Professor Pausch's lecture was filled with humor, common sense acceptance, challenges to the audience and a dismissal of any maudlin tendencies. "To those who might expect me to be sad, angry or resentful," I paraphrase, "I'm sorry to disappoint you." Then for one hour and a quarter, Randy walked through highlights in his life to help us see how wisdom can be gathered if one lives with full attention, gratitude and steady curiosity. And by the way, Randy was a Unitarian Universalist.

Here are some of the pearls of wisdom he offered, not just to the folk listening, but in his mind as a gift to his children.3

When considering all that is going on in the world, it is easy to feel overwhelmed—easy to assume that one life cannot make a difference. We witness manipulation, ignorance, deceit, fear and power mongering on massive scales and wonder whether, in fact, we are, as a species, beyond redemption. What has happened to us? Why can't we see the blessed gesture of creation of which we are a part?

Change the angle of your view, just a hair, and you will see the possibility of healing. You can keep an eye on how we go astray while setting your sights on the beauty within. It is called hope and it can be made manifest.

There is a guiding list inside of you, ever growing, ever refining as you live your life. It is ready for your awareness. There is room in your life for its wisdom.

To paraphrase Sweet Honey 'n' the Rock. You are the person you've been waiting for.

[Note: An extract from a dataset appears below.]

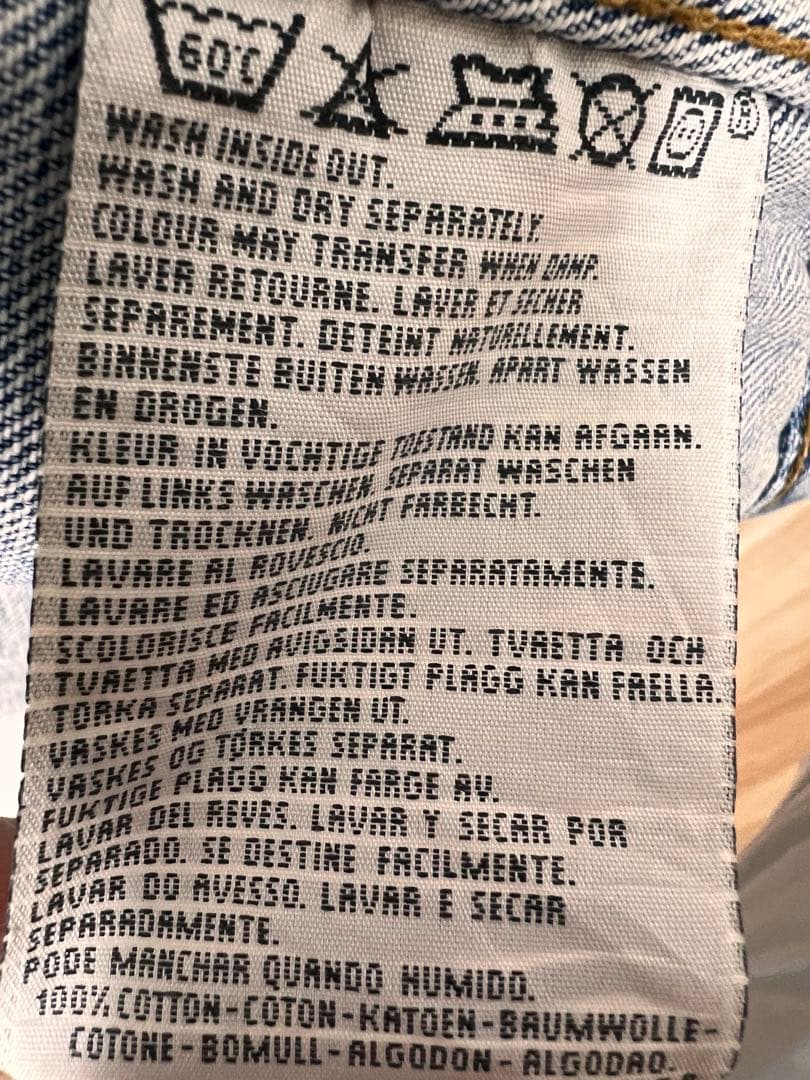【90s Levi’s】70503 トラッカージャケット コーデュロイ襟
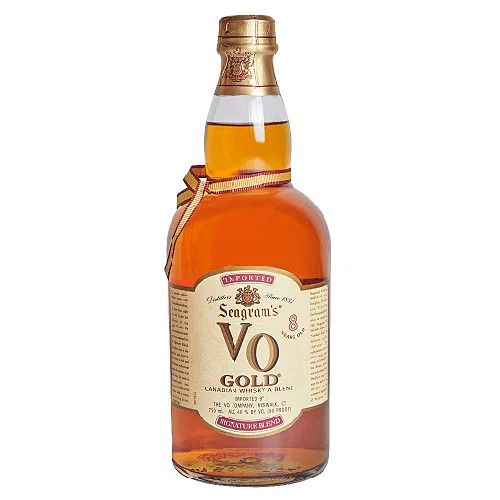 Seagrams Vo Gold 8Year Canadian Whiskey 80Proof 750ml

Defy the despair and brave the world of your highest ideals. Be that guide.

Thank you for living some of them out here, in this community. Our good senses will strengthen one another.

Blessings be. Amen.

Sources

  1. www.beyondthe11th.org.
  2. Telushkin, Joseph. The Ten Commandments of Character. p. 26-27. Harmony/Bell Tower. 2003.
  3. www.youtube.com.

Copyright © 2008 Lisa Ward. All Rights Reserved.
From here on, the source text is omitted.